No STF, Fachin é o relator da Lava Jato, mas Toffoli vem anulando processos a partir de uma ação de Lula, que questionava as provas da Odebrecht. Originalmente, essa ação estava com Lewandowski, porque ele deu o voto vencedor num julgamento na Segunda Turma em 2020 para entregar a Lula essas provas. A partir disso, vários investigados usam desta ação para driblar Fachin. Toffoli assumiu a ação após migrar de turma no STF, depois que Lewandowski se aposentou.
Investigação sobre corrupção envolvendo empreiteira continua no Peru
Enquanto no Brasil a Lava Jato vem sendo destruída pouco a pouco, no exterior os processos contra políticos e lobistas corrompidos pela Odebrecht são preservados. Nesta semana, o promotor e coordenador da Lava Jato no Peru, Rafael Vela, disse que a decisão de Toffoli não afeta as ações do caso em andamento no país. “Não há impacto. O senhor Marcelo Odebrecht, na verdade, é uma testemunha, não é um colaborador efetivo e sempre demonstrou vontade de colaborar com o sistema de Justiça peruano”, afirmou à imprensa.
Depois, o juiz fez uma crítica indireta ao modo como os processos vêm sendo desfeitos no Brasil. “Evidentemente, dentro de todas essas decisões há sempre, dentro do que as pessoas pensam, até mesmo no próprio Brasil, um possível e presumido fenômeno de politização da Justiça”.
A ONG Transparência Internacional, que apoiou e colaborou com a Lava Jato, foi mais dura. “A destruição da luta contra a corrupção no país é implacável”, afirmou, em nota. A entidade passou a ser investigada por Toffoli depois que fez críticas às suas decisões no início do ano. O motivo é a consultoria gratuita que prestou para a força-tarefa para montar um plano de investimentos em ações sociais com o dinheiro pago nas multas aplicadas às empresas. Com base em ilações do PT, o ministro aponta uma suposta apropriação indireta dos recursos.
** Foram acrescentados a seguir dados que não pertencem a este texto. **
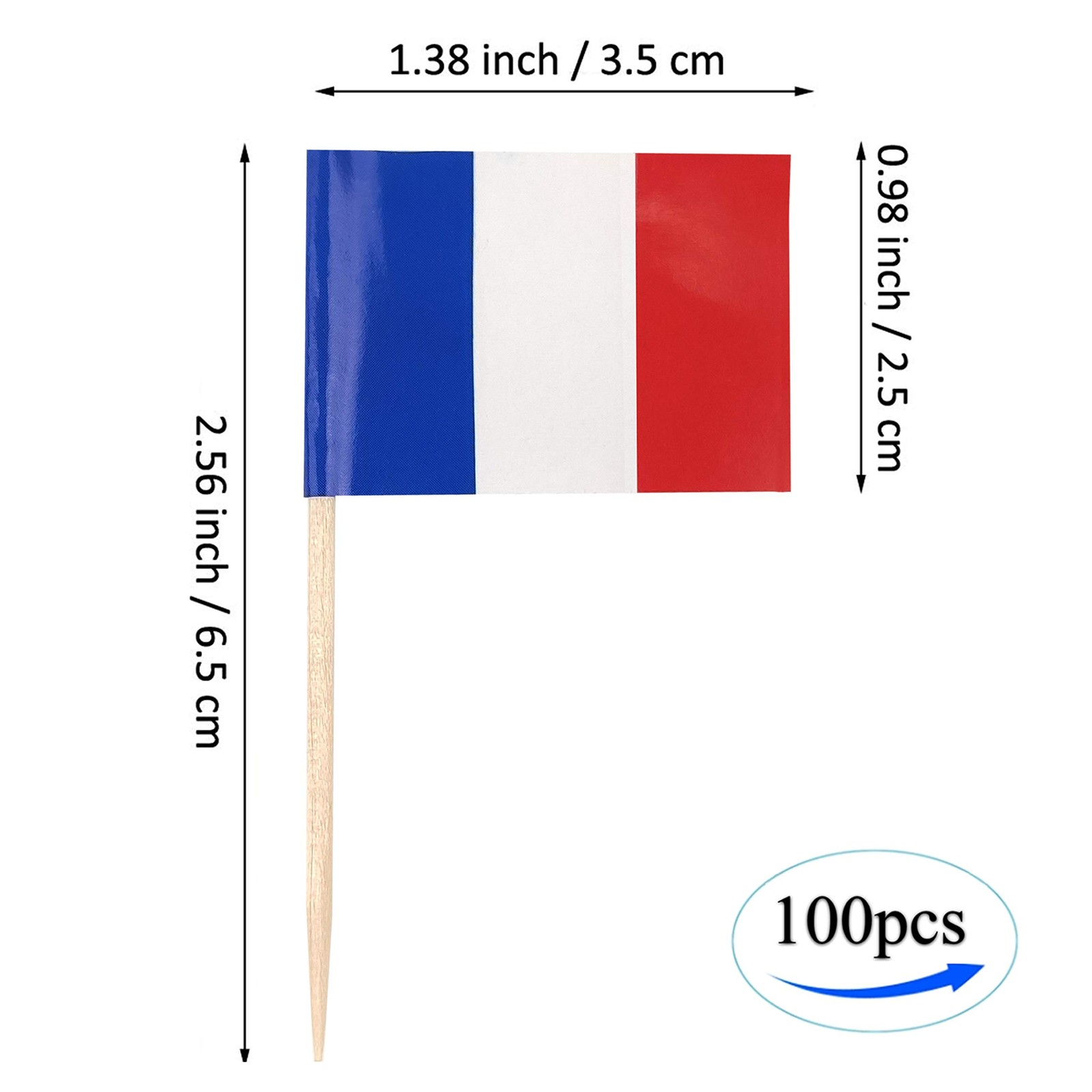 France Toothpick Flag French Mini Small Cupcake Topper Flags 100pcs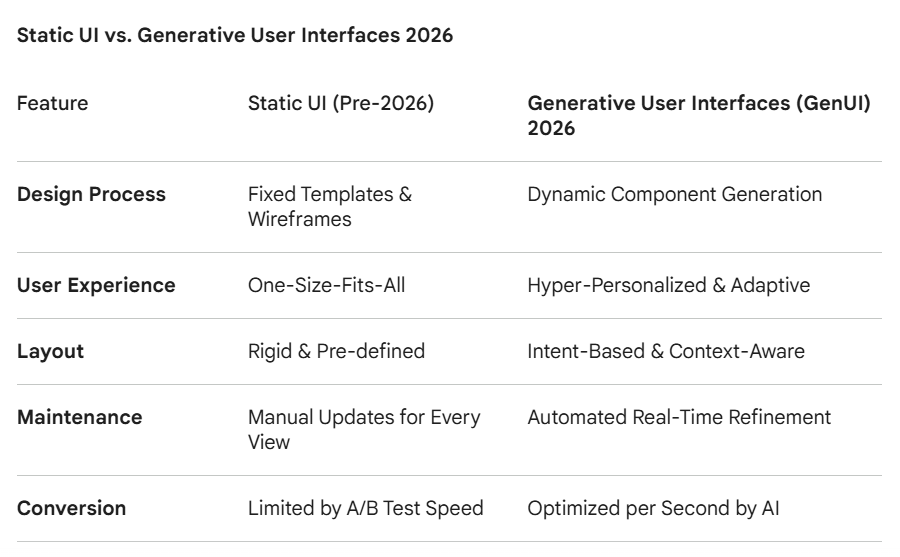 Generative User Interfaces (GenUI) 2026: How Websites Are Now Building Themselves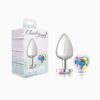 Cheeky Charms-Silver Metal Butt Plug-  Heart-Clear-Medium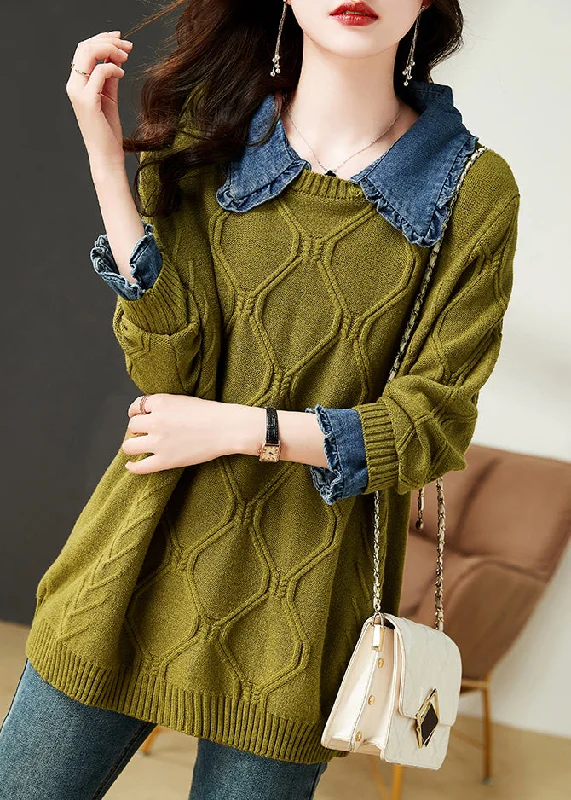 Midnight Madness Mustard Green Denim Patchwork Cotton Knit Tops Peter Pan Collar Fall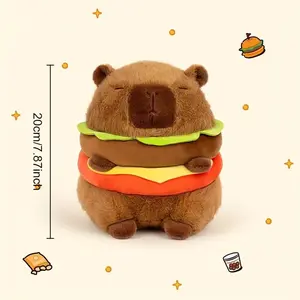 Stuffed animals for chlidren 20cm/7.87inch Unisex Capybara Form Hamburger Animal Plush Toy, Ideal Gift for Birthdays, Christmas0cm/7.87inch Unisex Capybara Form Hamburger Animal Plush Toy, Ideal Gift for Birthdays, Christmas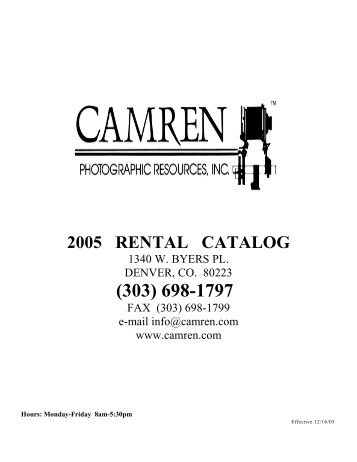 2005 RENTAL CATALOG - Camren Photographic Resources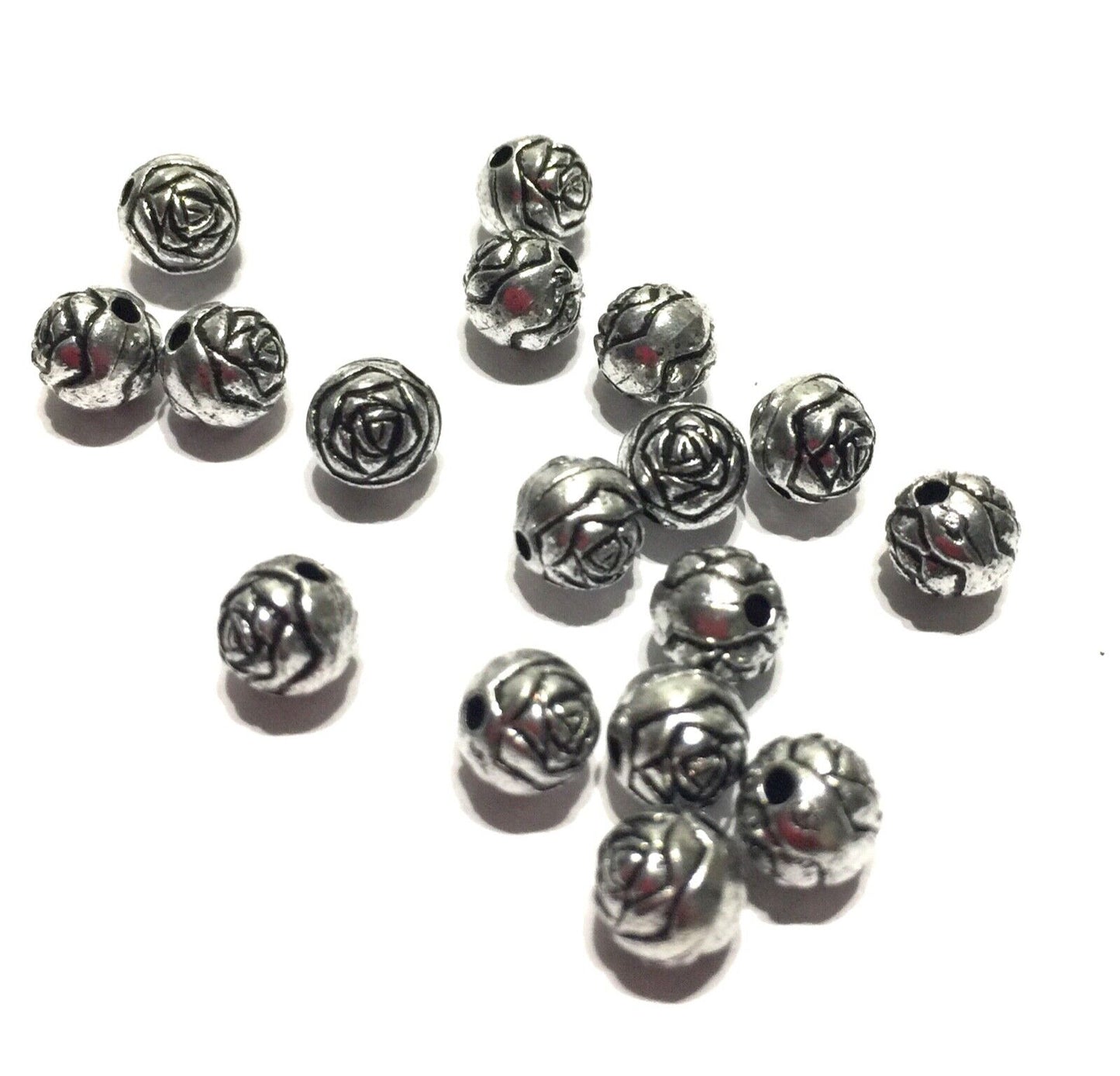 150x Silver Tone Rose Flower 6mm Round Beads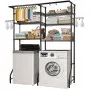 VEVOR Over Washer and Dryer Storage Shelves, 6 Tiers Laundry Room Drying Rack with Hanger Rod and Hooks, Two Rows Adjustable Washer Shelves Space Saver, for Laundry Room Storage & Organization, Black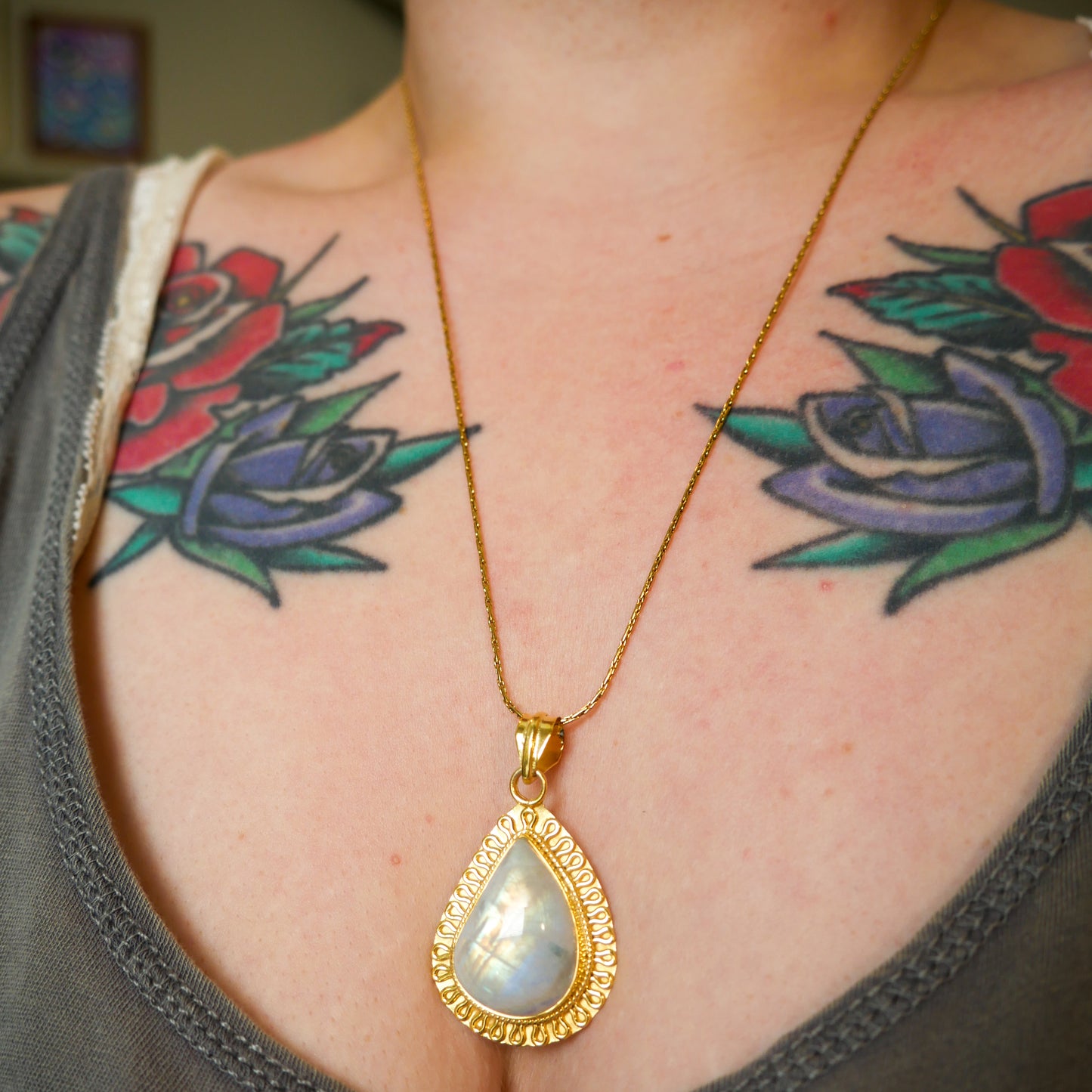Lunar Trickle Moonstone Necklace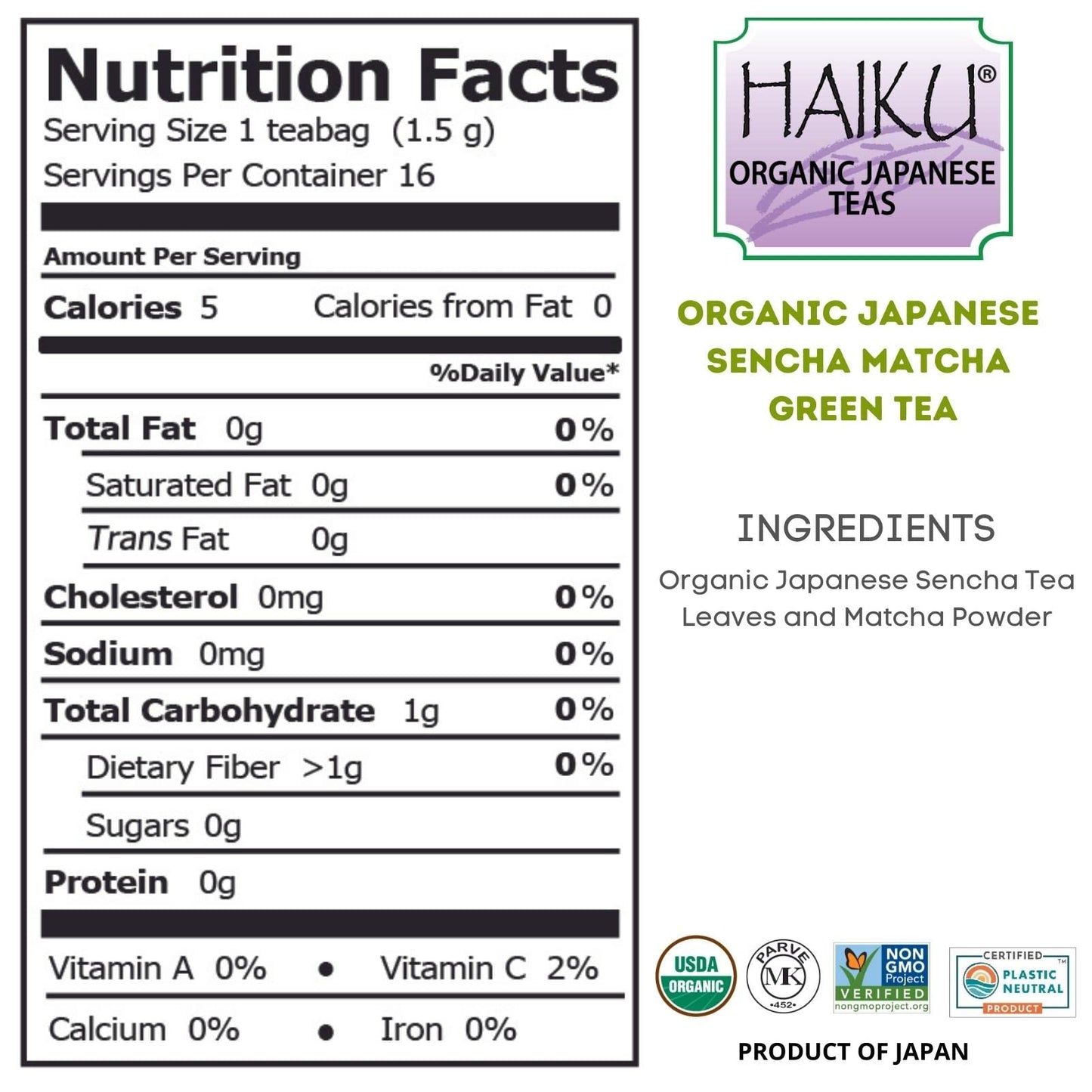 Haiku Organic Japanese Sencha Matcha Green Tea, Non-Gmo, Usda Organic, Kosher, Sencha Green Tea And Matcha Powder, 1 Box (16 Bag
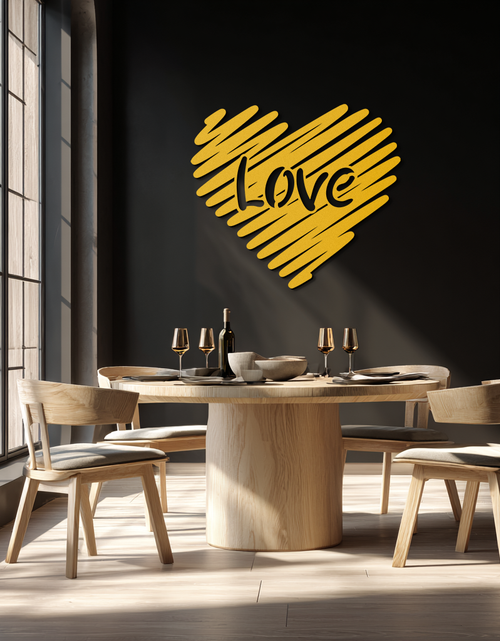 Load image into Gallery viewer, Love Heart Scribble Metal Wall Art – Romantic Handwritten Typography Home Decor- KAF599
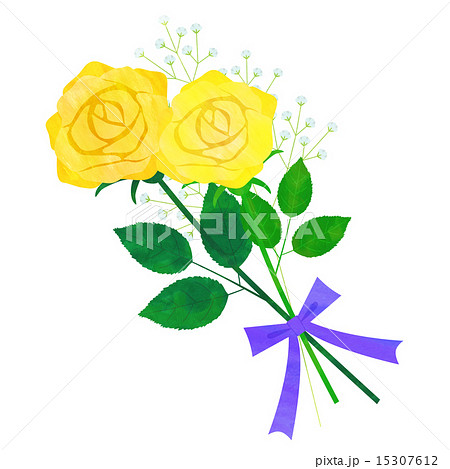黄色いバラの花束のイラスト素材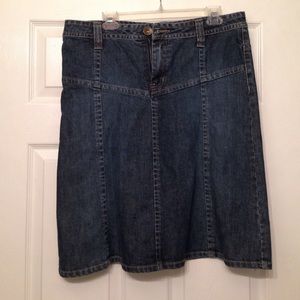 Denim mid length skirt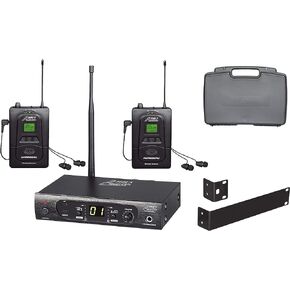 Audio2000'S AWM6309U UHF 100 Selectable Frequency Wireless in-Ear Monitor System with Two Wireless Receivers and a PVC Carrying Case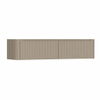 H&R Badmeubelen Juice Wastafelonderkast - 180x45x40cm - linkerhoek afgerond - 3D-front - 2 lades - geïntegreerde greep - olive SW1260451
Ex-coordenador da força-tarefa da Lava Jato, Deltan Dallagnol lembrou que Toffoli foi citado por Marcelo Odebrecht, em sua delação, como o “amigo do amigo de meu pai”. “Um dos maiores corruptos confessos da história do Brasil, que entregou provas e informações sobre crimes cometidos por autoridades de todos os escalões da República, foi blindado pelo ministro que ele mesmo citou em sua delação. A corrupção venceu e quem a colocou no pódio foi o STF”.
Toffoli diz que Dallagnol e Moro agiram em conluio para forçar a Odebrecht e seus executivos a firmarem acordos de leniência e delação premiada. A decisão que anulou os processos contra Marcelo Odebrecht está baseada nas conversas entre os dois e de diálogos entre os procuradores da Lava Jato, na qual discutiam estratégias para aprofundar as investigações. Esses diálogos foram captados de forma clandestina por hackers, e não há garantia que não tenham sido editados, deturpados ou retirados de contexto.